EXERCISE REQUIREMENTS — Could you set down only the lines from the one including "Iris (1897) apresentada por Alphonse Mucha" to the end of the records below, inclusive and exact, leaving pictures out?

DATA RECORDS —
######
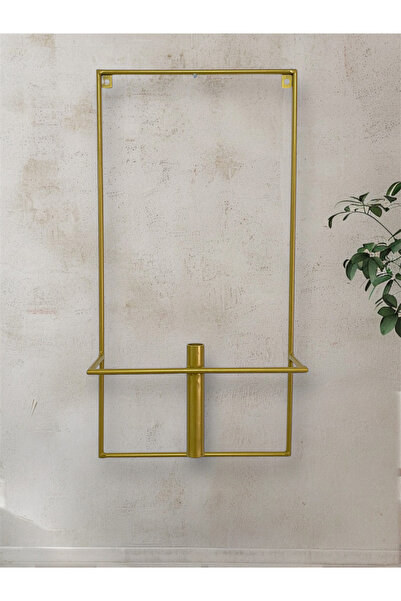 DECOLİN Metal 2’li Dekoratif Duvar Çiçekliği Mumluk&Şamdan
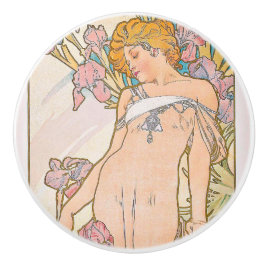 Iris (1897) apresentada por Alphonse Mucha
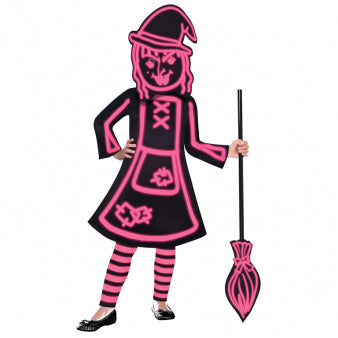 კოსტუმი ბავშვის gid stick witch სხვადასხვა ასაკისთვის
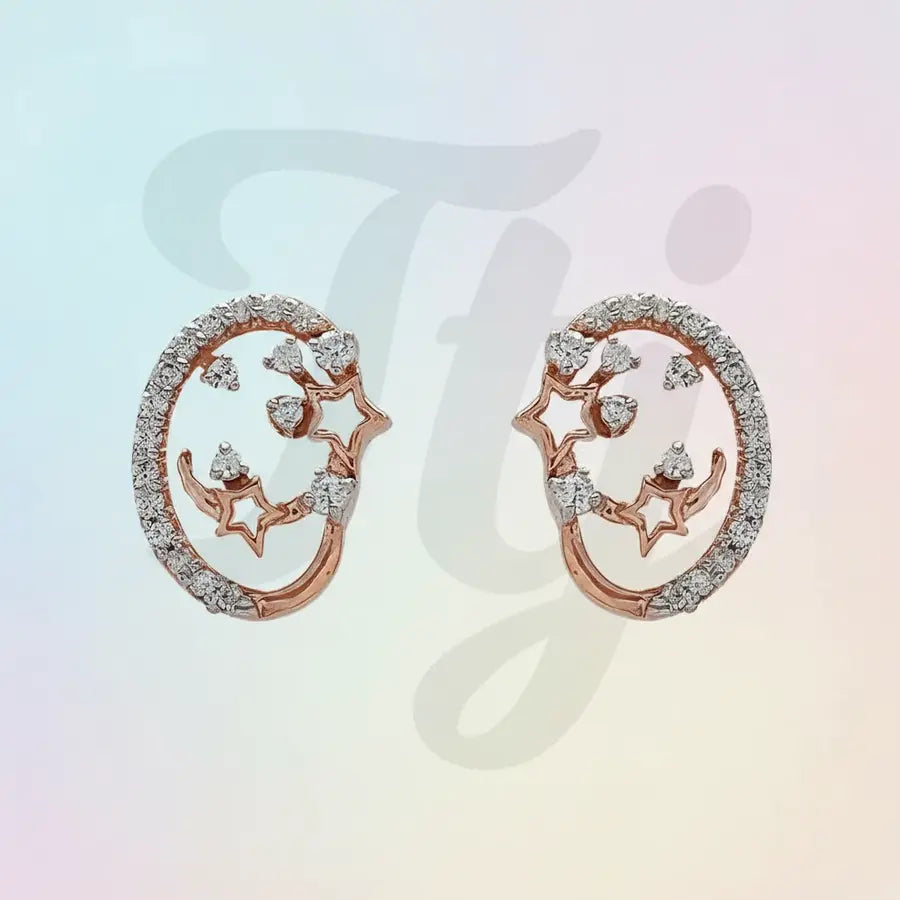 Stars & Stones Gold Earrings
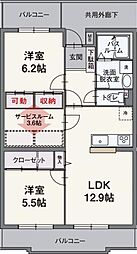 間取図画像 2SLDK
######
RESULT FOR THIS TASK —
 Iris (1897) apresentada por Alphonse Mucha
 კოსტუმი ბავშვის gid stick witch სხვადასხვა ასაკისთვის
 Stars & Stones Gold Earrings
 間取図画像 2SLDK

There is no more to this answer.